Updated on: 06 June,2022 07:01 AM IST  |  Mumbai
Fiona Fernandez |

Our sutradhaars debate the platinum celebrations of Queen Elizabeth II, and agree to disagree on what the fuss is all about

Of palace parties and non-retiring queens

Queen Elizabeth II. Pic/AFP

Fiona FernandezIt was midnight. An owl hooted from above while the bats in the belfry of the cathedral nearby were on night patrol. As Lady Flora approached their usual bench in the centre of the public garden, she noticed that the silhouette of Sir PM was in doze mode; she could hear a faint, repetitive snore.
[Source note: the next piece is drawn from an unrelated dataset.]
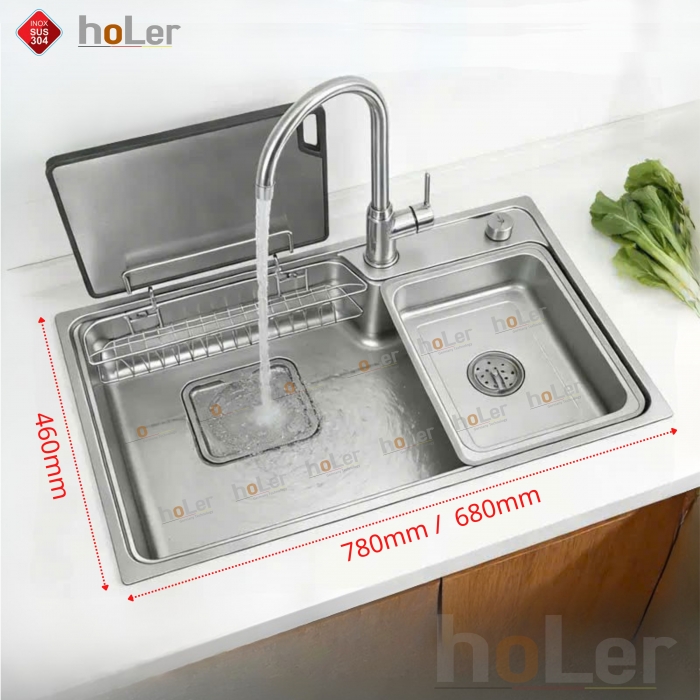 Chậu Rửa Chén 1 Hộc Inox 304 Holer HLCR746-6846/7846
“Pheroze, I seem to have disturbed you,” she deliberately shrieked, hoping that the loud tone would shake off his slumber. “Ah…oh…yes, my lady. All is well here. Just a forty-wink thing,” he replied sheepishly. Something was off, and Lady Flora wasn’t going to let her friend off the hook. “Out with it, Pheroze; it’s unlike you to be sleeping at this hour. Where have you been these past few days? Even Percy[the pigeon] returned from your home with my undelivered note,” she enquired.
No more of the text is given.